We have been using heat from under the earth’s surface for bathing and wellness purposes for thousands of years. The Italians took it a step forward in 1902 with the opening of the Larderello field when for the first time geothermal heat, as is known, was used to power steam turbines and to generate electricity. Since then over 13GW of geothermal electricity generation capacity has gone online worldwide but it is still a niche power generation technology accounting for less than 0.5% of global electricity generation. One invention, however, plasma drilling, may change all that and could lead to a geothermal energy revolution.
Geothermal production normally involves harnessing the heat from naturally occurring water reservoirs, which are about 1,000 m to 3,000 m below the surface of the earth.
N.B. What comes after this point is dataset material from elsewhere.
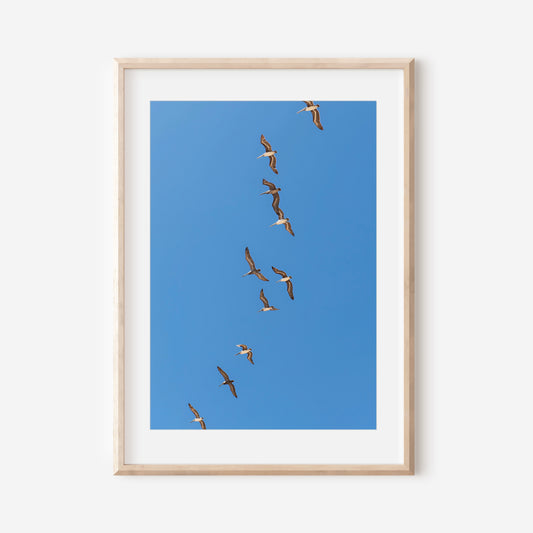 Birds in Flight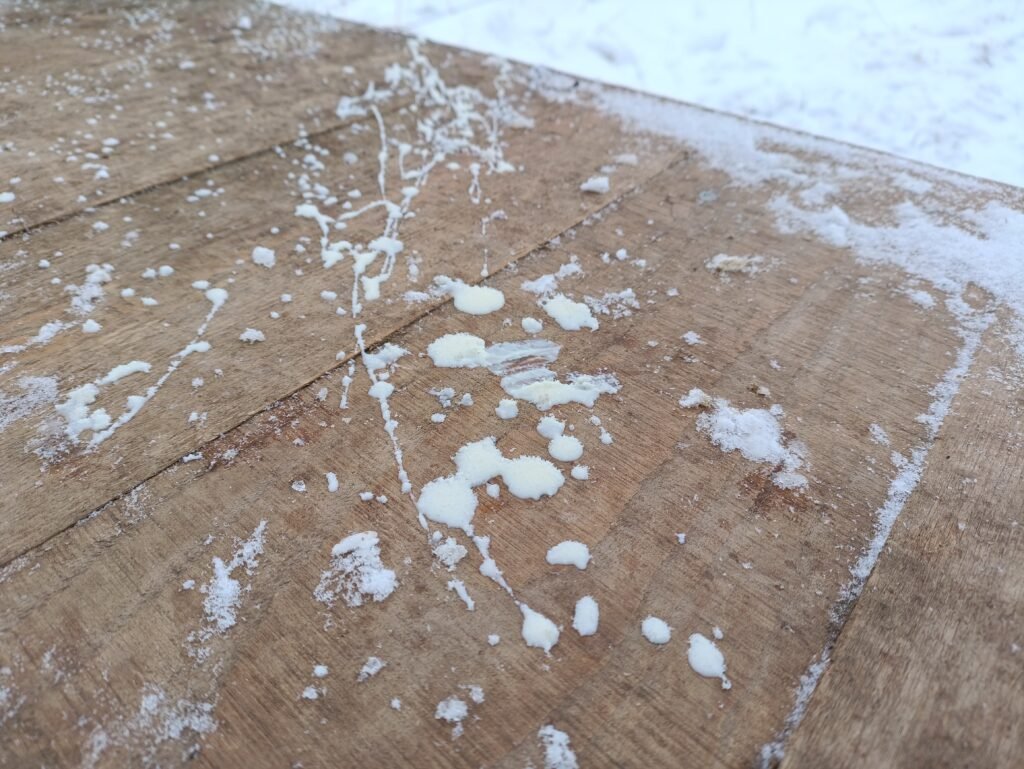 5e61e09e debd 4a72 8c53 3f9f1a1ea6ea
The hot water and (or) steam is extracted through wells and pumped to the earth’s surface where it is used to power a turbine to generate electricity. Once the heat has been extracted the water and (or) steam is pumped back into the reservoir where it is reheated for future use. The beauty of geothermal power generation is that it is renewable and can produce power 24/7 with the possibility to use excess heat for industrial and building heating purposes, and if the geothermal resource is managed properly it can provide cheap and clean energy for decades.
Currently, geothermal energy is only really viable in countries which have geothermal sources close to the surface, such as Iceland. There are significant unexploited resources in places such as in Central America but the process of drilling and then the managing of the geothermal asset is complex and capital intensive. The result is that only a few hundred megawatts of geothermal production are installed globally as opposed to tens of thousands of megawatts of solar and wind. One sure way to change this situation is to reduce the cost of drilling and increase the depth that can be drilled which is where plasma drilling comes in.
Today, drilling machines bore their way through stone and the earth’s crust which is not only expensive and time consuming but also very complex, noting that deep drilling often causes minor earthquakes and other stresses such as on water. Plasma drilling offers an interesting alternative, the idea being that a contactless tool with a rotating plasma arc literally burns its way, at temperatures of up to 6,000 °C, through anything in its path. This lowers the risk of earthquakes, due to the lack of shaking, while enabling drilling at depths below 3,000 m. Going forward, if plasma drilling can be shown to be cost effective then we may be able to tap into the massive heat energy trapped in the earth’s crust, and if that happens then geothermal energy may become a major energy source across the globe.